Lembra daquelas cenas de refugiados recepcionados com buquês de flores assim que cruzavam a fronteira da Alemanha? Essas imagens são agora passado. Os europeus já não sabem nem se continuam a chamar os recém-chegados de refugiados. Dos cerca de 1 milhão que entraram na Alemanha ano passado, sabe-se agora, apenas 38% são sírios - o restante se divide entre uma constelação de nacionalidades que se mimetizam entre os que almejam o status de asilados depois que a chanceler Angela Merkel abriu a porteira.
Os refugiados superaram os perigos do mar mas se debatem agora em um oceano de dilemas. Vivem confinados nos abrigos e já não contam mais com o surto de simpatia da Europa, assustada com o infindável fluxo de migrantes - em janeiro, no auge do inverno, a média foi de 2,1 mil por dia. O resultado se sente nas casas e ruas europeias: o embrião de um desconforto generalizado e o crescimento de vozes e partidos de direita que se opõem às fronteiras abertas.
Muitos refugiados venderam o que tinham e entregaram seus destinos aos mercadores da morte em uma travessia para a incerteza. Uma delas é saber onde foram parar mais de 4 mil crianças e adolescentes, a maioria desacompanhada, que ingressaram na Europa em 2015 - teme-se que muitas possam ser vítimas de redes de pedofilia. Decepcionados, ex-migrantes já começam a fazer o caminho de volta. Diariamente saem voos diretos da Alemanha para Bagdá levando muçulmanos frustrados pelos dias cinzentos e frios, pela comida, pela língua incompreensível, pelo conflito cultural e pela falta de perspectivas de trabalho.
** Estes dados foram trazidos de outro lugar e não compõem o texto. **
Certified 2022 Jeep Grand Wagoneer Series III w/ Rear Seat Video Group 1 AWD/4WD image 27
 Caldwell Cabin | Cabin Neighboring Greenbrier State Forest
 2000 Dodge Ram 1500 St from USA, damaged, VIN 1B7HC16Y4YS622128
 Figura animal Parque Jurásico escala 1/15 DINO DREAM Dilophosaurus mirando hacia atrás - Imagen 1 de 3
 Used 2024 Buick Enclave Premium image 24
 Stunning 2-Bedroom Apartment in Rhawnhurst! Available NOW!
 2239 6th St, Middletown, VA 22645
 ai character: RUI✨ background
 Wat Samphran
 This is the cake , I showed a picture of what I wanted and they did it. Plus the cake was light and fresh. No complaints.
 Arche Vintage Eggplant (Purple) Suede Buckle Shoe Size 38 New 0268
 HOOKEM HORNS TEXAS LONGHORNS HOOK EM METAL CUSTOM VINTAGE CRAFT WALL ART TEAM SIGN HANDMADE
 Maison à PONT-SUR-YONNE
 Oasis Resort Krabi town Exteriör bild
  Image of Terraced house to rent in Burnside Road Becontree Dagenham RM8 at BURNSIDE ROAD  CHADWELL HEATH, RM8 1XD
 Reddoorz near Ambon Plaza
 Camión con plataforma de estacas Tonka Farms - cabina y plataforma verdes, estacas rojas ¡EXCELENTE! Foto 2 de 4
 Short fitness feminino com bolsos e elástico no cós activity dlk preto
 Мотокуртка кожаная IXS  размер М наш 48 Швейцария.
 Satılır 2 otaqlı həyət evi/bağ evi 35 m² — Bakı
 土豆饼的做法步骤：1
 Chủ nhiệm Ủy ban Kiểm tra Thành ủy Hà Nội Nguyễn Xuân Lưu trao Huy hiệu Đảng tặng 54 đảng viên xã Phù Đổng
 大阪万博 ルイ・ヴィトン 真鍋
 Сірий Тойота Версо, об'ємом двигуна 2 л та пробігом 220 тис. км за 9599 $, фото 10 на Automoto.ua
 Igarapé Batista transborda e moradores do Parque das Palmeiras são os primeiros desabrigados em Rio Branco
- Eu digo aos meus compatriotas: isso aqui é uma ilusão - repetia um deles ao ser entrevistado outro dia pela TV alemã no momento do embarque.
Com tanta névoa no ar, vislumbram-se pelos menos quatro cenários básicos para o desfecho da crise.
1) O fluxo continua, incessante. Neste caso, o jogo de empurra esfarela de vez a União Europeia e faz crescer a xenofobia. Com dificuldades de integração, os migrantes entram em choque com o estilo de vida ocidental, gerando um clima de desagregação em larga escala.
2) O fluxo é contido nas vizinhanças da Síria e do Iraque. É o cenário desenhado pelos líderes europeus no momento. O governo turco, irritado pelas críticas de que não está fazendo o suficiente, ameaça despachar os refugiados em ônibus e aviões para a Europa - mais de 2 milhões de sírios estão no país.
3) A Europa fecha as fronteiras entre si. Na prática, começa a ocorrer. O fluxo é desestimulado, mas ressurge em pleno inverno o drama humano de massas impedidas de avançar.
4) O cessar-fogo na Síria, negociado em Munique e previsto para se iniciar neste domingo, aplaca o fluxo de refugiados. É pouco provável porque um armistício na Síria já nasce sob o signo da descrença.
Enquanto não surge um ponto final na história, a ironia de toda essa crise é que Angela Merkel se vê cada vez mais isolada, inclusive entre ex-aliados alemães. Há menos de seis meses, ninguém imaginava que a então Rainha da Europa correria o risco de passar para a história como Angela Merkel I, a Ingênua.